» Exercise brief:
Check every line below for the string "Antibody", and copy the lines that contain it.
*** Data Section Begins ***
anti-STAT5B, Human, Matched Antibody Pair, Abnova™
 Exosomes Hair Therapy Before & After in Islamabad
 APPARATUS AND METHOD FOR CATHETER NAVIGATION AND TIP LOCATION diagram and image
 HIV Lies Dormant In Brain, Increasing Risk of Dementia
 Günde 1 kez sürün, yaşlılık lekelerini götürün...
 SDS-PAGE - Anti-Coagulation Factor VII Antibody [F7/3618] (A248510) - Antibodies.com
*** Data Section Ends ***
» Exercise result:
anti-STAT5B, Human, Matched Antibody Pair, Abnova™
 SDS-PAGE - Anti-Coagulation Factor VII Antibody [F7/3618] (A248510) - Antibodies.com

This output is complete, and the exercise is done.